Self-assembled monolayers of organic molecules (SAMs) on surfaces show great promise in the emerging field of molecular electronics due to tunable charge transport properties, long-range 2-dimensional order and ease of manufacture. Growth of SAMs on ferromagnetic surfaces offers the additional possibility of spin-dependent transport, making these systems relevant to molecular spintronics in e.g. spin-valves and magnetic tunneling junctions. In order to establish design principles for such applications, a thorough understanding of charge transport mechanisms over SAM-metal interfaces is of great importance.

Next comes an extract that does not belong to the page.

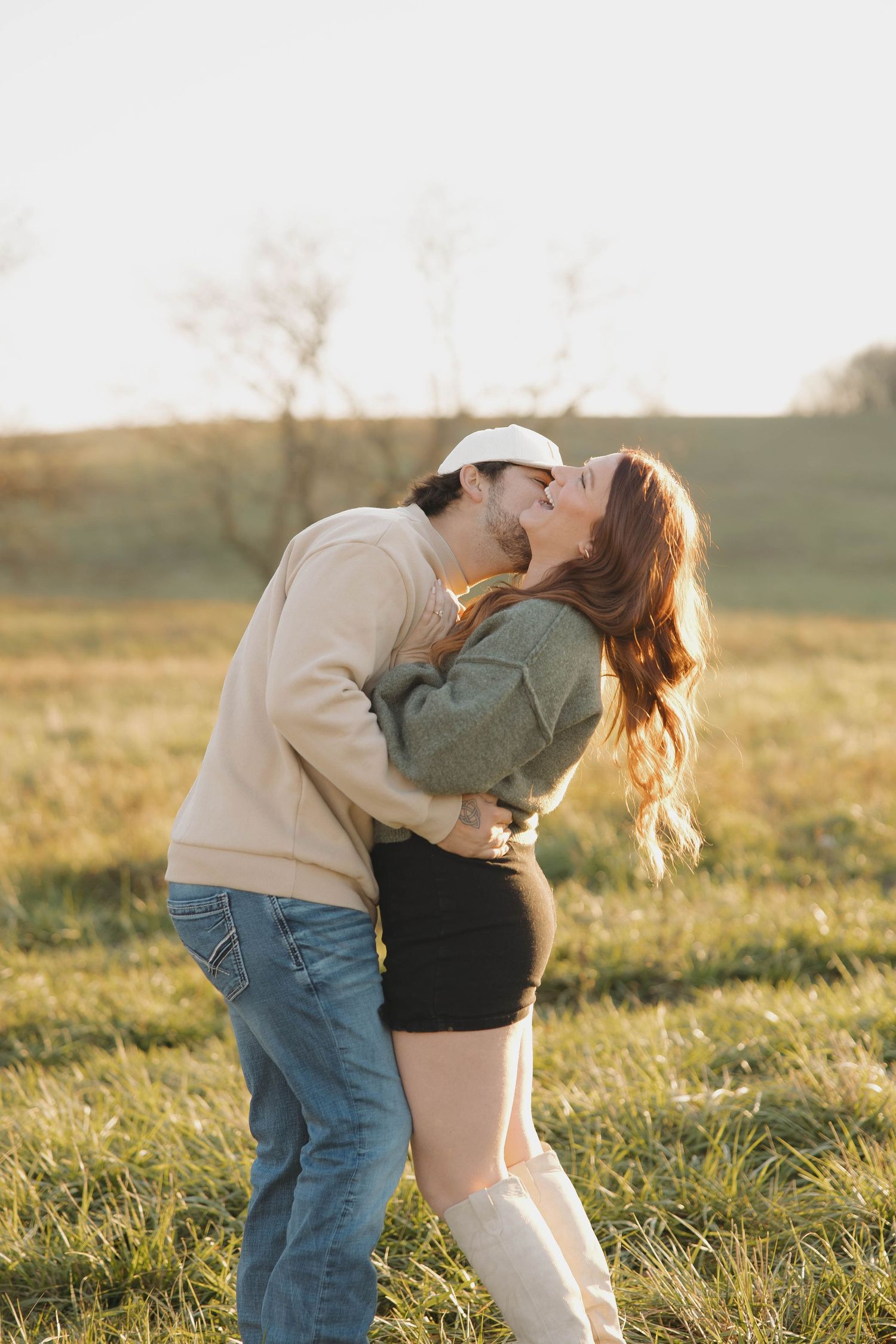 A couple dances and embraces in a sunlit meadow during golden hour, creating a romantic silhouette against the landscape.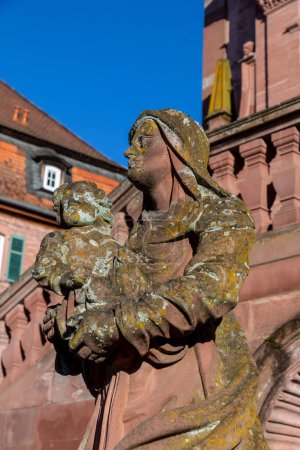 Foto de Amorbach, Alemania - 27 de enero de 2024: estatua de piedra arenisca de la virgen María con el niño en la iglesia de la Abadía de Amorbach en Baviera, Alemania. - Imagen libre de derechos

As an initial benchmark in this direction, we report calculations of spin-dependent electron transport in model systems of Argon monolayers on ferromagnetic Fe(110), Co(0001) and Ni(111) substrates. Spin-polarized charge transfer rates are calculated from the Fermi Golden Rule and explicit time propagation using first-principles parametrized model Hamiltonians. Results are compared to ultrafast core-hole-clock spectroscopy measurements, which found faster transport for minority electrons [1]. After benchmarking the protocol on Ar-metal systems we apply it to thiol-based model SAMs with an aim towards predicting tunable spin-transport behavior.
[1] F. Blobner et al., Phys. Rev. Lett. 112, 086801 (2014).